[RFC] (Semi-)software bf16

Downstream, we recently changed our code generation pipeline to use the bf16 type when talking about bfloat16 as opposed to referring to it as i16 everywhere. The reason we’d had that hack in the first place, and the reason for this RFC, is that various LLVM backends (definitely AMDGPU and X86) barely support the LLVM bfloat type.

So, I put together a fix that operates on the LLVM conversion and adds passes after it (see the setup and the rewrites, that:

  • Replaces every mention of bf16 with i16
  • Converts all bf16 constants to i16 constants by bitcast
  • Implements truncf : f32 -> bf16 with bit-bashing
  • Incorrectly lowers arithmetic operations (this’ll be fixed soon)
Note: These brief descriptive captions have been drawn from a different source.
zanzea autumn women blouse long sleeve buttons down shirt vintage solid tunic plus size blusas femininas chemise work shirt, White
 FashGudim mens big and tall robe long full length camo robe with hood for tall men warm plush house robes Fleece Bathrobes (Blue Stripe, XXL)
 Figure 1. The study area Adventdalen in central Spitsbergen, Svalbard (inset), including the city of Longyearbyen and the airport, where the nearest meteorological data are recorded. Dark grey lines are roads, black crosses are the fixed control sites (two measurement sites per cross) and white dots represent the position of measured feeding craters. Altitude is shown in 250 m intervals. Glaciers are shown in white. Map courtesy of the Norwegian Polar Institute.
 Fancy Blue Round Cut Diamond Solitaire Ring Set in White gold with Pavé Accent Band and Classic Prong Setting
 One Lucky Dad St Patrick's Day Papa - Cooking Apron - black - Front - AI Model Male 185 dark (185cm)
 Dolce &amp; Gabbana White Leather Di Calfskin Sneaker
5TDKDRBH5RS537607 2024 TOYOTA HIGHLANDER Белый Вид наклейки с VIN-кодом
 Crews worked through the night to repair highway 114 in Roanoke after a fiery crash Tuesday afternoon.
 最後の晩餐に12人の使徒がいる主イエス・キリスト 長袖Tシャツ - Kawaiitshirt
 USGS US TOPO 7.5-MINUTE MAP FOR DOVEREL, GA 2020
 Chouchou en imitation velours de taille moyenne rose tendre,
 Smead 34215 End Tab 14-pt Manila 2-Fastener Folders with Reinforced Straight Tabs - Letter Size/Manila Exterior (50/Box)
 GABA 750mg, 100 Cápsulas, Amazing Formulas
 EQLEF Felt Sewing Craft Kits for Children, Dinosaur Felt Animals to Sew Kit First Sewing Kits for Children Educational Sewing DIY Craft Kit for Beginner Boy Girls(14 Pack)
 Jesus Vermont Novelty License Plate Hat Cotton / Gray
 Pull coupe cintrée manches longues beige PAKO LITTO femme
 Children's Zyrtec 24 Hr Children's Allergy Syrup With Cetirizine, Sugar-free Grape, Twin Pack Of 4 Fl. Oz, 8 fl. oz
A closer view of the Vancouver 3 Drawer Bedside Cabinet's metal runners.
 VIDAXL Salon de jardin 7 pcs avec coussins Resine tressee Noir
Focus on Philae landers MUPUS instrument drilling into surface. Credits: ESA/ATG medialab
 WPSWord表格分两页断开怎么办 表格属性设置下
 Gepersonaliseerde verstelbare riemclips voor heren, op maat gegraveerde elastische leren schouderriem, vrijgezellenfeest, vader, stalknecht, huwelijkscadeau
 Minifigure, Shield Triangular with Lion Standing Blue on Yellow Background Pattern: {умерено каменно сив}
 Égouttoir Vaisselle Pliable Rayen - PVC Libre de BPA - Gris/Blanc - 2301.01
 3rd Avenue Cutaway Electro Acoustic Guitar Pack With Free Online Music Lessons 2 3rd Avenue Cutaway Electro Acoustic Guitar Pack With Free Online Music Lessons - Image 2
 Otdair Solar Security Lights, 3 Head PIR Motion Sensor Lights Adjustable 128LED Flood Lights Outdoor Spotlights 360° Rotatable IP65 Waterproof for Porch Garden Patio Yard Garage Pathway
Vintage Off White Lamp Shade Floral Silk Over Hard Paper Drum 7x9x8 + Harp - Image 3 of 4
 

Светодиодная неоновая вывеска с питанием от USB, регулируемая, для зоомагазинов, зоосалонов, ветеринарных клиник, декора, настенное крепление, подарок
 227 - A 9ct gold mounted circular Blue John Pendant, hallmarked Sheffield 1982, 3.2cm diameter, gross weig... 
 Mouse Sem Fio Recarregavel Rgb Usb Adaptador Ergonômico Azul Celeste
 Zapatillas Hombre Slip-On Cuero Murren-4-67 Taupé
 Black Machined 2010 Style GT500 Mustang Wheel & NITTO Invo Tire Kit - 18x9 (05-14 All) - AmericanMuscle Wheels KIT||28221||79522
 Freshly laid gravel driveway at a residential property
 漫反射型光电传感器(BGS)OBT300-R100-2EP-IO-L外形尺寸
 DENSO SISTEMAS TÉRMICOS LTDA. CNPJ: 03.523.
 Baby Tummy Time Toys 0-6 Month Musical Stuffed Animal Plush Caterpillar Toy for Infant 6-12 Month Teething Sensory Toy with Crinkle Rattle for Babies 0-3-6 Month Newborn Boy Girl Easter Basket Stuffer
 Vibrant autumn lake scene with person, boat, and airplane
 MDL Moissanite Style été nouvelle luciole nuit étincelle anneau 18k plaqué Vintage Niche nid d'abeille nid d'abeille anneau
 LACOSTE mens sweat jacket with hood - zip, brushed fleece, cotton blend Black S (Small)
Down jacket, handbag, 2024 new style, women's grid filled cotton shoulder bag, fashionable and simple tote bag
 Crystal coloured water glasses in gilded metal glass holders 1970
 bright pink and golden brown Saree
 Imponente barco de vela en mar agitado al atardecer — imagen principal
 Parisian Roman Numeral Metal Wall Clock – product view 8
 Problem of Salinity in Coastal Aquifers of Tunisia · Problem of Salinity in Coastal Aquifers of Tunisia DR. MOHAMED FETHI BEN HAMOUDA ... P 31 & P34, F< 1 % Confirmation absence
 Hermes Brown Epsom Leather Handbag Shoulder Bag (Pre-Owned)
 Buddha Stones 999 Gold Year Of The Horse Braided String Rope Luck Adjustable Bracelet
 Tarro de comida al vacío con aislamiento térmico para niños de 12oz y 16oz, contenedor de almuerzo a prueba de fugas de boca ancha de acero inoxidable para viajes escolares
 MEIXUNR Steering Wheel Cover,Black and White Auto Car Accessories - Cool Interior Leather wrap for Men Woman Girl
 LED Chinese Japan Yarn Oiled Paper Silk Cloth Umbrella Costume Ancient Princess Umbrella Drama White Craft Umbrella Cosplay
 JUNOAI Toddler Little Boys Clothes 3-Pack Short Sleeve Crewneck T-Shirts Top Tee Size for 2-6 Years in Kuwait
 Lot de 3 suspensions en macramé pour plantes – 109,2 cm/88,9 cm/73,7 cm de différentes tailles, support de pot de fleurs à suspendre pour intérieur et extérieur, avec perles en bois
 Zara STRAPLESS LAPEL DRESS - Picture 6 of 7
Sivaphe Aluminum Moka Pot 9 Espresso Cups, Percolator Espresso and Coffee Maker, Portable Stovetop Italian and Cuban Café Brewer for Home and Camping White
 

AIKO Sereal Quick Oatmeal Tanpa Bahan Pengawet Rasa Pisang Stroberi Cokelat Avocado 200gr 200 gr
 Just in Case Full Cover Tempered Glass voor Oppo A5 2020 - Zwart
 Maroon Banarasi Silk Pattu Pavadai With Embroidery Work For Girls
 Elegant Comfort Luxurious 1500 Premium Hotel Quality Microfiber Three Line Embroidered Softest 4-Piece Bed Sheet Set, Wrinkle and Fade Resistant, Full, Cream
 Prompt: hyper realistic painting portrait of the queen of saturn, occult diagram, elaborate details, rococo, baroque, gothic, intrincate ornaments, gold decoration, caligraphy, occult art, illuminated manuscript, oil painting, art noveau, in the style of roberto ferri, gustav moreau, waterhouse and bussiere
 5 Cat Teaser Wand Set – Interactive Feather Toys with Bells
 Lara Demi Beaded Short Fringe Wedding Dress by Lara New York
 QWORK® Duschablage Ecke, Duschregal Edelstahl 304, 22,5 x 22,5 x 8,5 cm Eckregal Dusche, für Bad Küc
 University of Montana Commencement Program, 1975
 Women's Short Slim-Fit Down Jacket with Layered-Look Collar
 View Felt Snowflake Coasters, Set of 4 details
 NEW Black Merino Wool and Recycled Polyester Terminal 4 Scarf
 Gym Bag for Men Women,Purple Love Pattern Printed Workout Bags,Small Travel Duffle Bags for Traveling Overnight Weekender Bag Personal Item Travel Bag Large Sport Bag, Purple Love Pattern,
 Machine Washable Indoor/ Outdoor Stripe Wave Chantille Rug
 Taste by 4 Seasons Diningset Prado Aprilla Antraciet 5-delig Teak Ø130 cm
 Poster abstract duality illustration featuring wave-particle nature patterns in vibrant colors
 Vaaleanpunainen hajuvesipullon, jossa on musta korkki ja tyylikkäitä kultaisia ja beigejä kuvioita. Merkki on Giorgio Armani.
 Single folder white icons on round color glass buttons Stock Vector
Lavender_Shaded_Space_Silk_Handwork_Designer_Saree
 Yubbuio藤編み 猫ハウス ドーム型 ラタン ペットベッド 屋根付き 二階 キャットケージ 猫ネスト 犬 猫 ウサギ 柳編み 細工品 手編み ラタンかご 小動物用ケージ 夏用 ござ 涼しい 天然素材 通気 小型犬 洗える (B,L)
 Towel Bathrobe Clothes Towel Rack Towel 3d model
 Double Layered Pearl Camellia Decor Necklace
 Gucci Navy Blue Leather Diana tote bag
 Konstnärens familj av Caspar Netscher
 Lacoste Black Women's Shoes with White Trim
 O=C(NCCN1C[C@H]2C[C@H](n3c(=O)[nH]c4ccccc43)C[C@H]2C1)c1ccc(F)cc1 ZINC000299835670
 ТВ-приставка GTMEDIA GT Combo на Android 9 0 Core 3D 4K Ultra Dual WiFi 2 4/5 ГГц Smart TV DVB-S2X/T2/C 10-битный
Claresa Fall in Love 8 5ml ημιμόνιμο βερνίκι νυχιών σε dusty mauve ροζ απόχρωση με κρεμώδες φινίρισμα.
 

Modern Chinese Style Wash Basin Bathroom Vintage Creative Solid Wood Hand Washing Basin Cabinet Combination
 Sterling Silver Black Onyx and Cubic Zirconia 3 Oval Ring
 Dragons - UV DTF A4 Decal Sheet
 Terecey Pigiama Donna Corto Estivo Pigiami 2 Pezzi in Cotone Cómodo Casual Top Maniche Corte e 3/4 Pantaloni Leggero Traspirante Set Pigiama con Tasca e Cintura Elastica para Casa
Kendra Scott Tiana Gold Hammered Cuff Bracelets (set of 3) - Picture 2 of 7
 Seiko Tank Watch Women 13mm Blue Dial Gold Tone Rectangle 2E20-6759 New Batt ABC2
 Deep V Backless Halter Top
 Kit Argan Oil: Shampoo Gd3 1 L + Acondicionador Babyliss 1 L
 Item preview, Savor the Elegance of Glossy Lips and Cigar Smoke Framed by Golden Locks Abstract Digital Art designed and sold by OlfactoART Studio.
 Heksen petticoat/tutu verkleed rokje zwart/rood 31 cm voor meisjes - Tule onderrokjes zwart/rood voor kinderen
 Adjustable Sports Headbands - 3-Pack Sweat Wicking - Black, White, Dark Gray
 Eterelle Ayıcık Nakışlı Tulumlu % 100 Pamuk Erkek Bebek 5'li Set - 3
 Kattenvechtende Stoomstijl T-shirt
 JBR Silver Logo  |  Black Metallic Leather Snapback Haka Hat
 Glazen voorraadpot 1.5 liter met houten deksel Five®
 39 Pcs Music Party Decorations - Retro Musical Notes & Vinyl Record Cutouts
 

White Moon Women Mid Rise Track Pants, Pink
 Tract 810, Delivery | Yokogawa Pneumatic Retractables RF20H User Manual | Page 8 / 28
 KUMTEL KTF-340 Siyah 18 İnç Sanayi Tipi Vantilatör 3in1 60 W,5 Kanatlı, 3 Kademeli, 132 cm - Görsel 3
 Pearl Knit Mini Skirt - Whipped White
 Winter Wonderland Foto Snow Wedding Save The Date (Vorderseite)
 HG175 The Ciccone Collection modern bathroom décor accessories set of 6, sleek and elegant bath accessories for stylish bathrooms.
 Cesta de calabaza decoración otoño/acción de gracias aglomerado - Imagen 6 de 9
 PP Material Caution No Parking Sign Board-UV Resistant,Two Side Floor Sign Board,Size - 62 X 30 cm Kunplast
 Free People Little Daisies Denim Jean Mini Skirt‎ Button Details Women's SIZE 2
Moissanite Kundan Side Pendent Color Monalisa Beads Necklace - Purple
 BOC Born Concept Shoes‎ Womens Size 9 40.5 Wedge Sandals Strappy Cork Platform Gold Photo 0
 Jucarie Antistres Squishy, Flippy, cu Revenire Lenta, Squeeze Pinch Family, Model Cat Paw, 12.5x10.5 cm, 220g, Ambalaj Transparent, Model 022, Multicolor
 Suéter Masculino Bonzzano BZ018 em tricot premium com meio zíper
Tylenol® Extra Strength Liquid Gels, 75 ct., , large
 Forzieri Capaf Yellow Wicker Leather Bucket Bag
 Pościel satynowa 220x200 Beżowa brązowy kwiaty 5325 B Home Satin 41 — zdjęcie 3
Now that I’ve poked at some other bits of our codebase, I’ve come to the conclusion that this bf16 remover could be a generally useful utility if expanded and cleaned up a bit.

So, how would folks feel about a pass (and change) over LLVM that

  • Swaps bf16 for i16 everywhere, bitcasting constants
  • Implements truncf/extf to f32 with bitwise integer operations
  • Implements everything else (the other float casts, arithmetic, etc.) by extending to f32, doing the operation, and truncating the result

(Alternatively, we could try and write the bf16 ops in software but that’s a lot of bother and potentially slower)

One other possibility I can see is that this would make more sense as a pass in LLVM - targets that don’t understand bfloat could then stick the debfloater in front of themselves, and then none of this lives in MLIR, but I thought I’d propose this here first.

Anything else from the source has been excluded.